I can't speak to the quality of Swardman stuff, but I did check out their website for this tool:

https://www.swardman.com/int/fork-aerator/

They specifically state made of Stainless Steel. I'd be pretty ticked if I bought something that was advertised as Stainless Steel only to find out the part most likely to rust isn't.


----------



## FATC1TY (Jul 12, 2017)

I wouldn't exactly assume a swardman is an upgrade from a allett. I'll let you do the research on their services, but it's probably about what you experienced.

That said- I don't think the rust is a huge huge deal for a tool like that- but it's odd the part that would get ground contact isn't SS as advertised. Give it a spray down and it should be fine.


----------



## Ware (Jan 28, 2017)

If the tines aren't stainless steel, I would expect them to oxidize. I'm not sure I've ever even seen stainless side eject tines. I did a quick search on R&R and the only ones I saw come up were carbon steel. One of the guys with golf course experience like @MasterMech or @viva_oldtrafford would know more.

Honestly, I would use it more and worry less. It's a tool that is made to shove into the ground repetitively. If it is rigid enough to do that I wouldn't worry about it. A shovel will do the same thing with any significant use. :thumbup:


----------



## FATC1TY (Jul 12, 2017)

Ware said:


> If the tines aren't stainless steel, I would expect them to oxidize. I'm not sure I've ever even seen stainless side eject tines. I did a quick search on R&R and the only ones I saw come up were carbon steel. One of the guys with golf course experience like @MasterMech or @viva_oldtrafford would know more.
> 
> Honestly, I would use it more and worry less. It's a tool that is made to shove into the ground repetitively. If it is rigid enough to do that I wouldn't worry about it. A shovel will do the same thing with any significant use. :thumbup:


I agree. I'd probably imagine it's easier to work the edges of them too in the event they dull or get bent on a rock.


----------



## MasterMech (Sep 24, 2017)

Aerator tines are consumable parts that in use on a golf course, might last halfway through a full greens aeration event.
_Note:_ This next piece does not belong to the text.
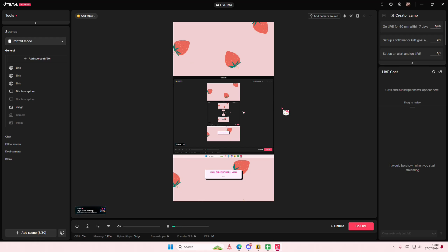Hey guys and welcome back to this channel. In this video I'll be showing you how you can stream and use soundboards on your stream on TikTok Live Studio.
On a manual tool, I'd be fine with carbon steel tines and a stainless handle.

I HAVE actually seen stainless side eject tines but they are not sold as such. Soil sampler probes are nothing more than side eject tines with modified lengths and steps/handles added on.


----------



## lacrossekite (Aug 10, 2020)

See this thread titled: https://thelawnforum.com/viewtopic.php?f=4&t=28918


----------



## Alowan (May 25, 2021)

Amoo316 said:


> I can't speak to the quality of Swardman stuff, but I did check out their website for this tool:
> 
> https://www.swardman.com/int/fork-aerator/
> 
> They specifically state made of Stainless Steel. I'd be pretty ticked if I bought something that was advertised as Stainless Steel only to find out the part most likely to rust isn't.


Interesting replies.
As said they state it is stainless steel

A set of replacement ones are 72 usd plus 30 usd shipping.



FATC1TY said:


> I wouldn't exactly assume a swardman is an upgrade from a allett. I'll let you do the research on their services, but it's probably about what you experienced.
> 
> That said- I don't think the rust is a huge huge deal for a tool like that- but it's odd the part that would get ground contact isn't SS as advertised. Give it a spray down and it should be fine.


I can see the argument that they usually not are stainless and that they could be sharpened plus are a tool to be used. However shouldn't I be worried with rust build up after less than two months and next to no use? All my other tools (shovels etc) have not rusted for yeas in the same condition and way more significant use..

The fact that they state it is stainless combined with what I find to be lacking customer service worries me.

Don't know if other tines will fit the tool - could be interesting to replace with carbon steel if they break..


----------



## Amoo316 (Jul 8, 2021)

At the end of the day the it's not going to affect the operation of the tool. As I said previously, I'd be kinda upset if I spent Over $100 on one I thought was going to be all stainless when I could have spent less that $50 on one that was all regular steel. The performance of the tool isn't really going to be affected. If you decide not to try to return it and keep it and are worried about the rust, you can try painting it.

As @MasterMech mentioned, they are considered a consumable part. I have a pull behind plugger and I purposely bought one that had replaceable tines because they are going to get destroyed eventually.


----------



## MasterMech (Sep 24, 2017)

To prevent rust, a light coating of something like WD40, or FluidFilm, or any other similar product would stop rust from developing while the tool was in storage.


----------



## FrankS (Jun 19, 2021)

I haven't had very good luck with using the regular WD-40 as a corrosion preventive. I'm trying out 100% pure silicone oil. So far, it's working. But I've been using it for only six months, or so.


----------



## Amoo316 (Jul 8, 2021)

FrankS said:


> I haven't had very good luck with using the regular WD-40 as a corrosion preventive. I'm trying out 100% pure silicone oil. So far, it's working. But I've been using it for only six months, or so.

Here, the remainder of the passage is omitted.